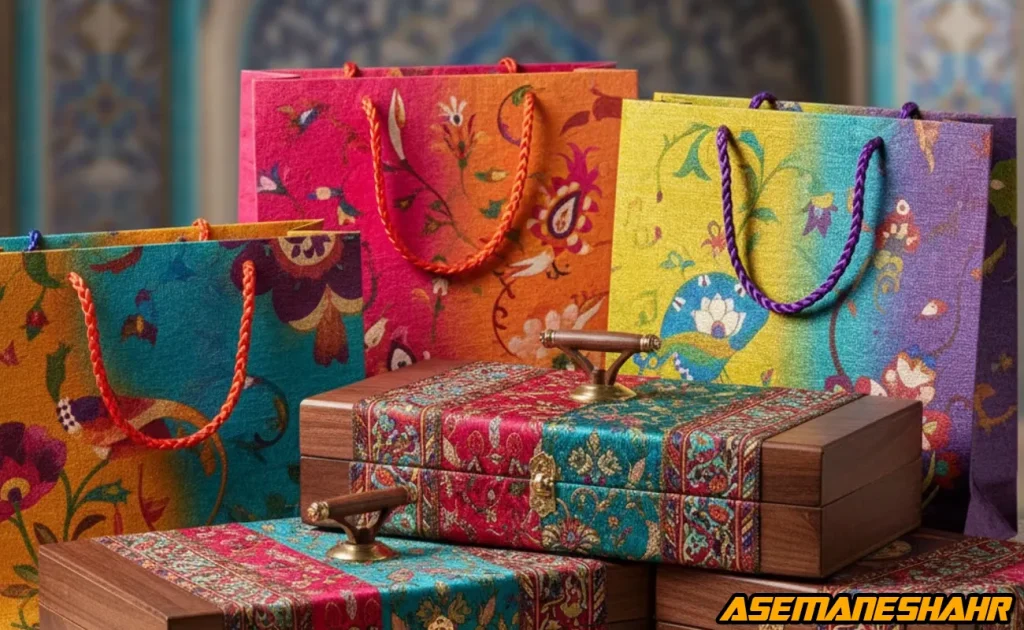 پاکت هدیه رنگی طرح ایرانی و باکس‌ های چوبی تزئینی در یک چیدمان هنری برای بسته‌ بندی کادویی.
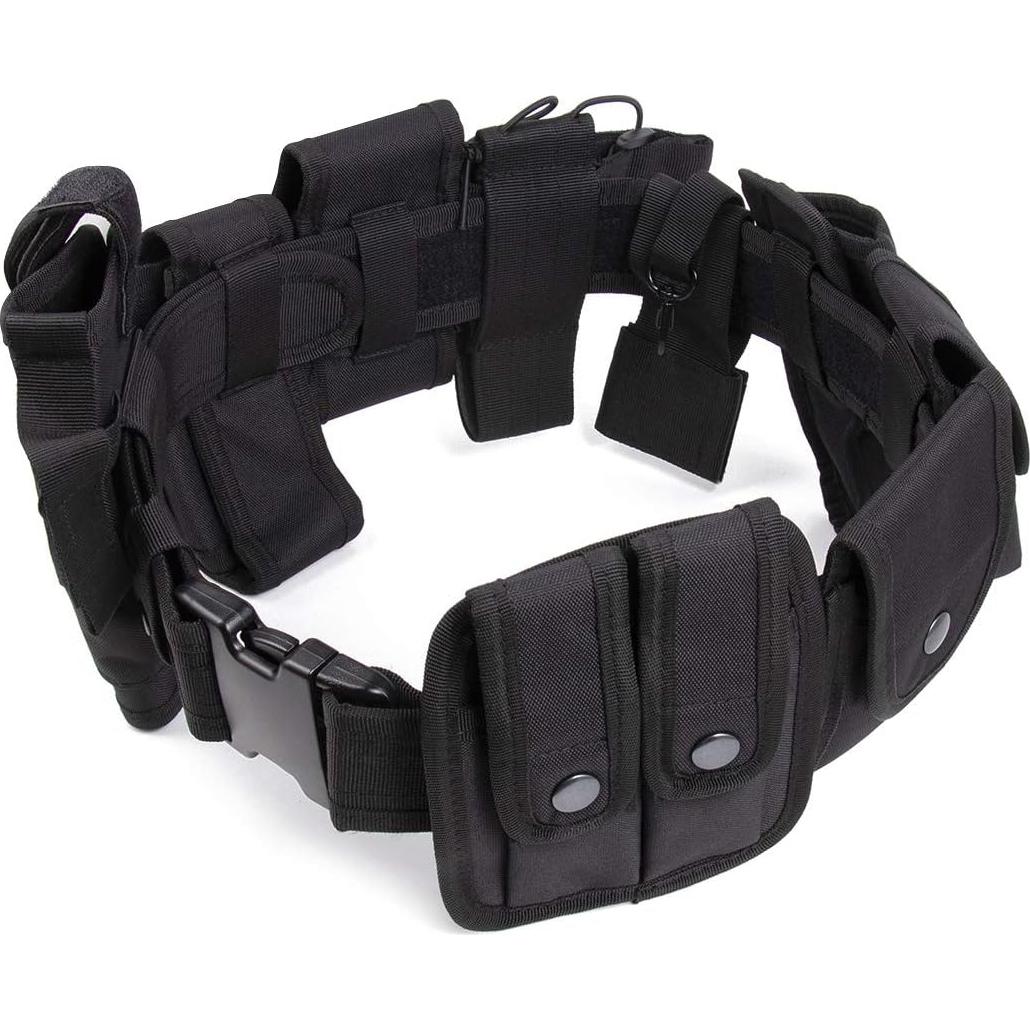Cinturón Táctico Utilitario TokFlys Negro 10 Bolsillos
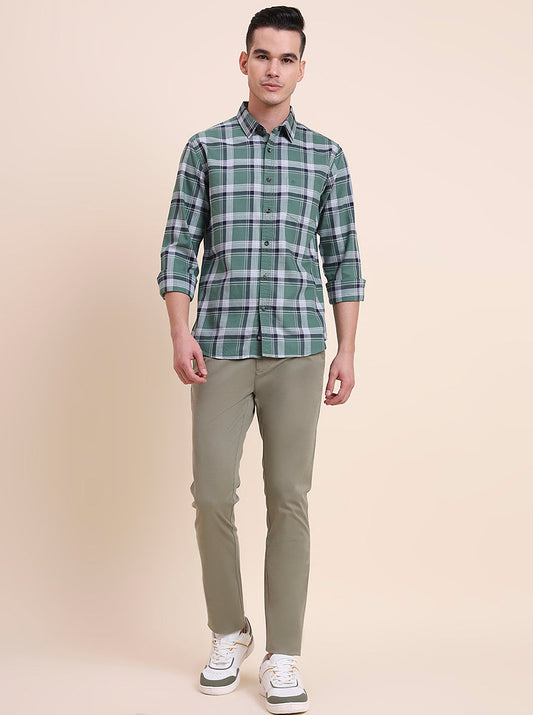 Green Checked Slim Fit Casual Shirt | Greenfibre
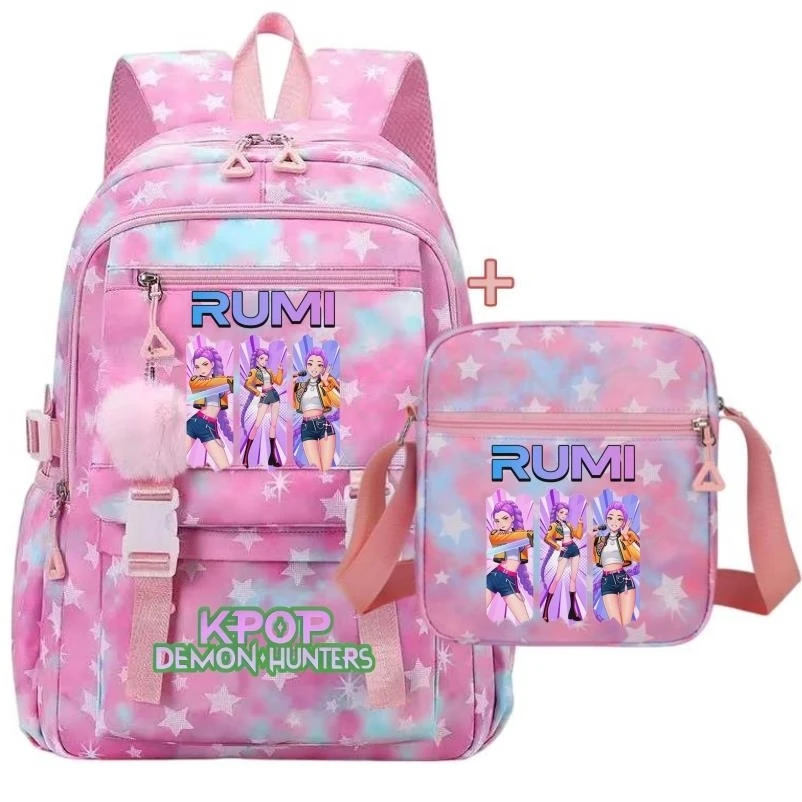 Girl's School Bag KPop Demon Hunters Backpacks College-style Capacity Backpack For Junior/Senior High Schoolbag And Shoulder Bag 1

..........

→ **YOUR TASK**
Output each line exactly as shown above; no pictures go in the copy.

→ **EXPECTED OUTPUT**
 پاکت هدیه رنگی طرح ایرانی و باکس‌ های چوبی تزئینی در یک چیدمان هنری برای بسته‌ بندی کادویی.
Cinturón Táctico Utilitario TokFlys Negro 10 Bolsillos
 Green Checked Slim Fit Casual Shirt | Greenfibre
 Girl's School Bag KPop Demon Hunters Backpacks College-style Capacity Backpack For Junior/Senior High Schoolbag And Shoulder Bag 1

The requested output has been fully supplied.